I'm just tossing this out as an idea for someone with plenty of time on their hands to look into cleaning up at some point. I know I won't have the time to do this any time soon.

/Lars

Collapse
Posted by Jeff Davis on
There is already a parameter for memoize:
ns_cache create util_memoize -size 
    [ad_parameter -package_id [ad_acs_kernel_id] MaxSize memoize 200000]
I think the default of 200k bytes is absurdly small as a default for a production machine.

More memory is taken by the nsv's and of course they cannot really be sized. I checked and here are the top ten nsv's by size

entries bytes nsv
 170     5236 locale
  49     8811 site_nodes
  41    10522 ad_page_contract_filters
 192    54013 api_library_doc
1580    97454 apm_library_mtime
2190   170279 proc_source_file
2189   336690 proc_doc
  94   574815 apm_version_properties
2189  1115145 api_proc_doc
3134  1332667 OACS_FULLQUERIES
The memory footprint of my server is 37mb and as far as I can tell, there is only ~4mb cached (although there are some nsv's I skipped like the parameter cache and and some others but I think they are smaller ones). This is on my testing site with all packages installed and mounted (some several times).

Anyway, the short answer is that things are bloated and it does not seem to really be overly aggressive caching. I think the real issue is that there are just a huge number of procedures defined.

The source for all the tcl libraries is ~3mb and I think when they get bytecode compiled you end up keeping src and bytecode around so that is a big piece of the pie.
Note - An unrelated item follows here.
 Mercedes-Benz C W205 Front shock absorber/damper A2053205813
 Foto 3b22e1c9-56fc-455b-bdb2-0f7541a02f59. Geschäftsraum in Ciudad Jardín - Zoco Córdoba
Also, I am not sure how much compiled templates end up taking, although they are done on demand so an empty idle server should not have very many loaded.

I suppose we could look at making query cached on demand, put in a size limited ns_cache, or not cached at all. Also we could ad a parameter to disable proc doc stuff by default and that might help but again, it oes not seem like either of these would make a huge difference.

Collapse
Posted by Talli Somekh on
Lars, it sounds like what you may be asking for is John Sequeira's portable.nsd.

The advantages of portable.nsd is not just that it will allow for the use of other webservers but that it will allow for very small installations of oacs and development from tclsh.

Perhaps even better for many, portable.nsd will allow for clean and complete use of TclPro (http://activestate.com/Products/Tcl_Dev_Kit/?_x=1). In fact, John's been developing portable.nsd using TclPro and has been raving about it.

So I think this might answer your problem, plus solve a lot of other things.

talli

Collapse
Posted by Don Baccus on
John's standalone thing will need to implement nsv vars so nsv caching will be there in his version, too.
Collapse
Posted by John Sequeira on
Talli,

Thanks for the plug, but I expect the initial implementations of portable.nsd will be more memory-hungry than a straight AOLServer implementation. With OpenACS/FastCGI, we'll be running multiple single-threaded interpreter processes instead of one multithreaded process, each initially chewing up memory for caching. OpenACS/tclHTTPD has the potential to be multithreaded, but I'm not sure what it'll take to get all the dependency libraries to cooperate. Michael C is right now working on how to do multi-process nsv's with sockets, but based on recent progress I think I'll beat him to a deliverable 😊.

Right now I've reimplemented nsv's as globals,  which probably took 15 lines of code. I was thinking that for development it might be good to have an implementation that writes to the database (like ASP.NET's caching) so you can keep an eye on the values.  For production sites,  this approach might make sense for low memory sites or web farms.  For now, TclPro's variable inspection makes the debugging usefulness of db logging a bit moot. It really easy to look at any variable at any stack level,  so no rush there.

There is one slight memory optimization I'm working on right now: replacing the query dispatcher with a source code preprocessor. Instead of parsing/caching xql files, I'm parsing the source code and writing the correct query into the tcl files. I needed to do this to make nstcl happy (which has no qd), but it has some other benefits wrt interpreter launch time, a good thing when using FastCGI.